John Kraman, TV commentator and analyst for Mecum, calls the car “a time capsule.” He says that while “it shows some patina, overall it looks like a one-year old car. Even the carpet shows no evidence of wear.”
The condition, Kraman says, was the overriding factor in the quick bidding, even if some purists don’t consider the green color and automatic transmission an ideal configuration. (Most of the 1000 GT350H “rent-a-racers” ordered by rental giant Hertz were automatics, as well. A 1966 GT350H owned by Carroll Shelby sold at Bonhams’ Scottsdale auction for $253,000.)
“We’ve all heard the overused adage, it’s only original once, but I think it bears repeating here,” Kraman says. “The focus on originality is stronger today than ever.”
Coincidentally, this Shelby was bid to $250,000 at Mecum’s Indianapolis auction in May 2015, against a pre-sale estimate of $300,000–$400,000. In October of that year, an ad appeared on Hemmings.com from Ron’s Toy Box, a dealership in Bettendorf, Iowa, offering the Shelby for $249,995. The dealership, which had taken the car in a trade, tried selling it on eBay in October 2017, and bidding stalled at $120,000.

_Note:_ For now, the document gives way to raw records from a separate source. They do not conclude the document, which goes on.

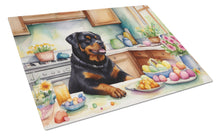 Load image into Gallery viewer, Decorating Easter Rottweiler Glass Cutting Boards – Durable, Decorative Kitchen Art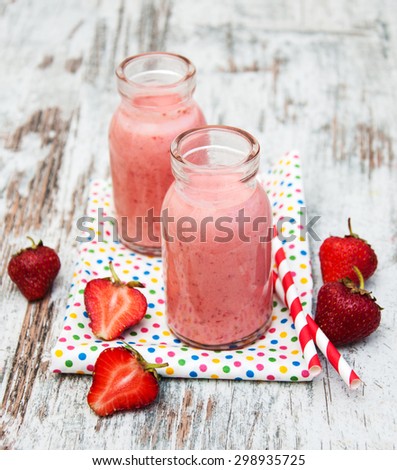 Strawberry fruit smoothies with fresh strawberries on a old wooden background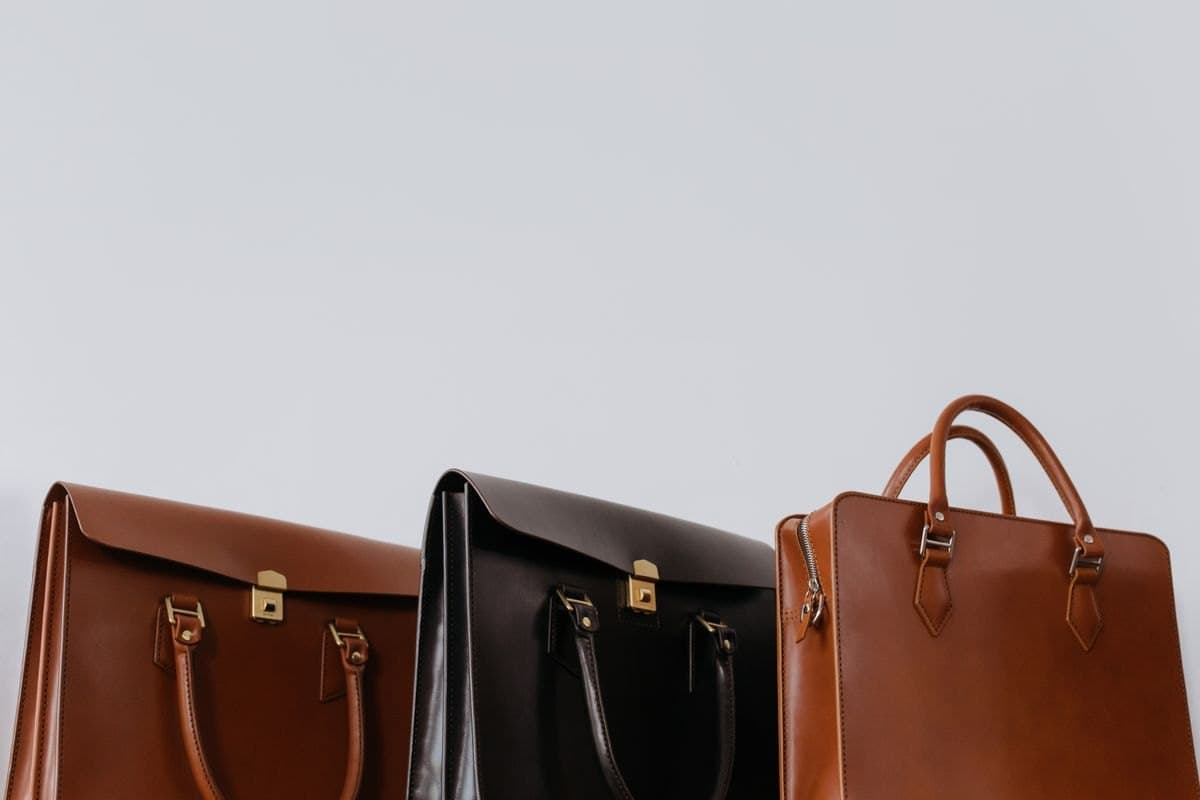 Three structured leather tote bags in tan and black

The Mustang becomes a road racer
Powered by a Shelby-tweaked version of the Mustang’s high-performance 289-cubic-inch V-8 and featuring a Shelby-modified chassis, the 1965 GT350 was a loud, rough-riding, sub-3000-pound no-compromise machine. Competition models would win the SCCA B-Production Championship in 1965, ’66, and ’67.
Chassis and driveline changes made the 1966 GT350 somewhat less brutal to drive, though its raw character remained. Rear-exit exhaust replaced the side-exit pipes used in ’65; Plexiglas windows replaced the Mustang’s rear pillar vents; a steel hood replaced the fiberglass part used on the ’65 Shelby; and new quarter panel scoops fed cooling air to the rear brakes. The Mustang’s full gauge instrument panel and fold-down rear seat spruced up the cabin.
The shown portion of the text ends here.